Write out, with no changes, every line starting at the one that contains "En-Suite Bathrooms East" and ending at the last line of the data below. Leave pictures out.

═════ Input for this task ═════

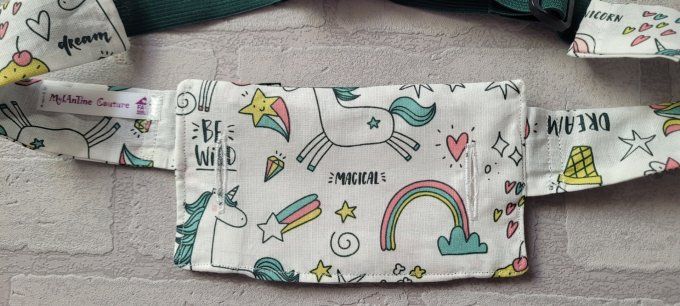 Modèle LICORNE MAGIC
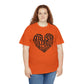 Trust Lord With All Your Heart Unisex Tee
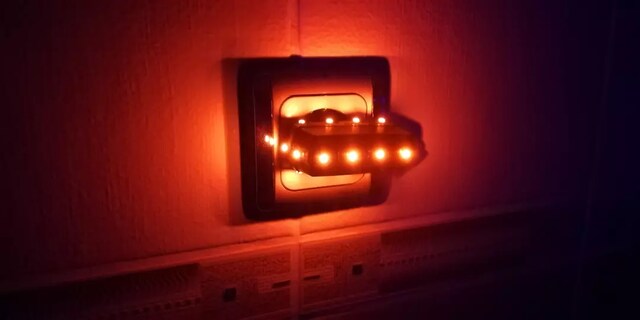 LED kırmızı ışık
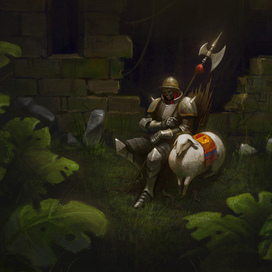 Заблудшая овечка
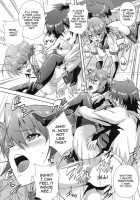 Please Come From Behind Maou-Sama / どうぞうしろから魔王さま [Migiyori] [Ichiban Ushiro No Daimaou] Thumbnail Page 27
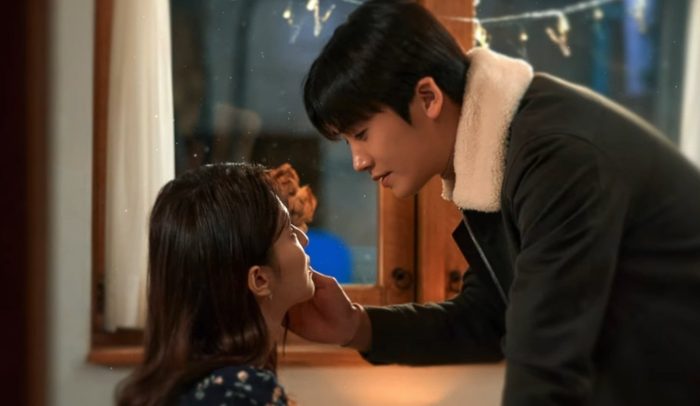 Soundtrack #1 lên sóng, Han So Hee và Park Hyung Sik gây sốt vì phản ứng hóa học bùng nổ Ảnh 3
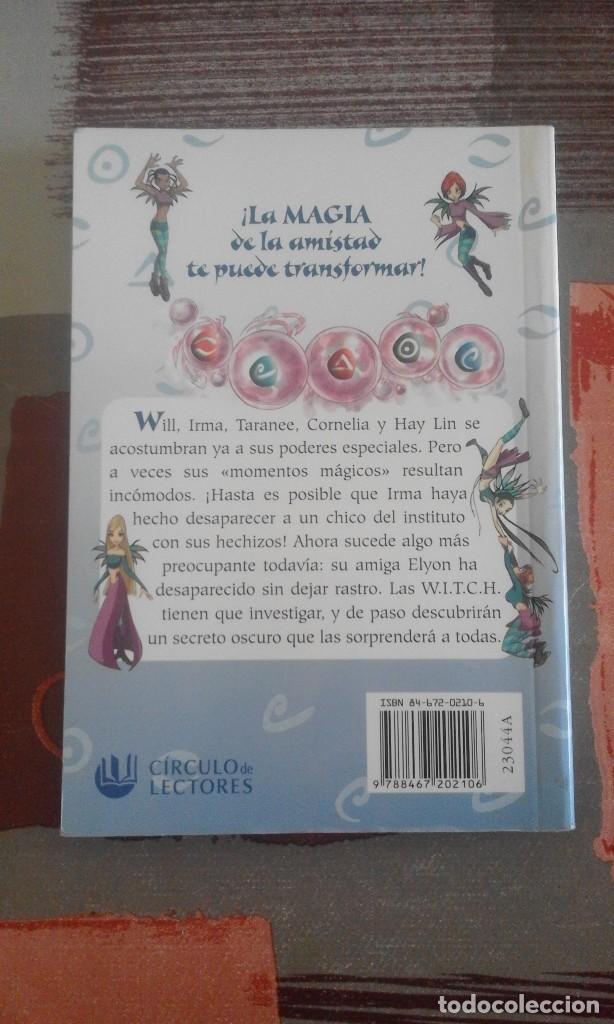 Libros de segunda mano: La desaparici&oacute;n - Witch - Foto 2
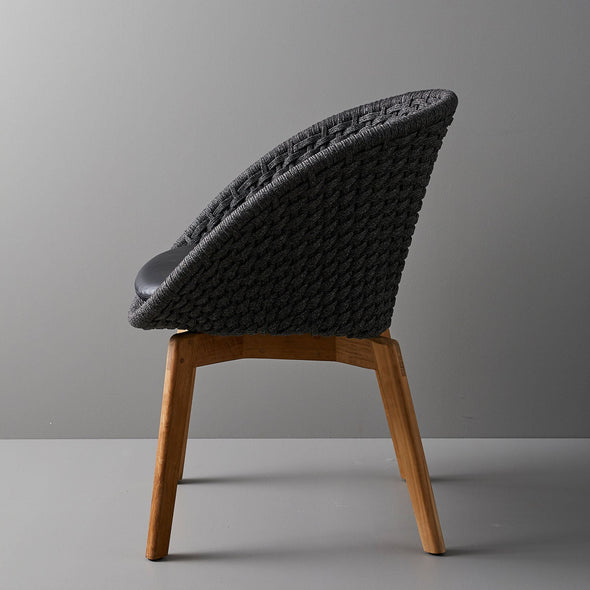 Peacock Dining Chair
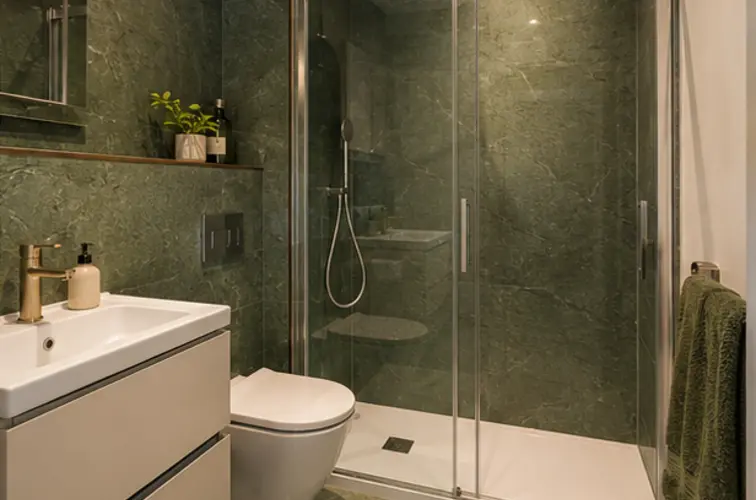 En-Suite Bathrooms East Kilbride Gallery – bathroom design example 3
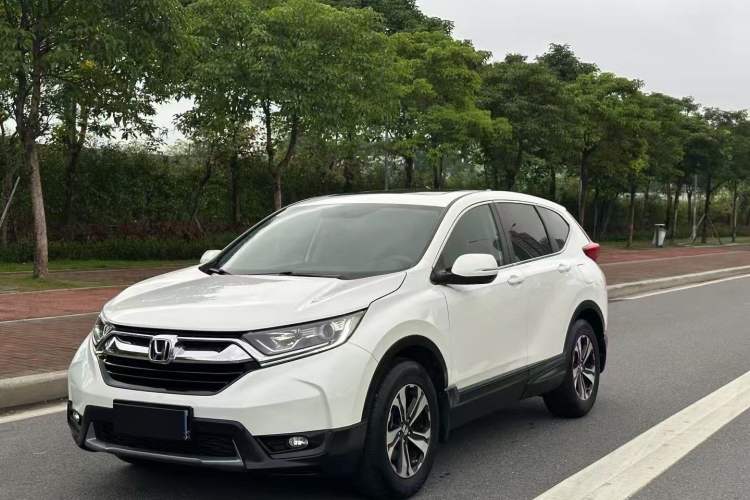 Used Honda CR-V 2017 240TURBO CVT 2WD Urban Edition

═════

Answer section:
 En-Suite Bathrooms East Kilbride Gallery – bathroom design example 3
 Used Honda CR-V 2017 240TURBO CVT 2WD Urban Edition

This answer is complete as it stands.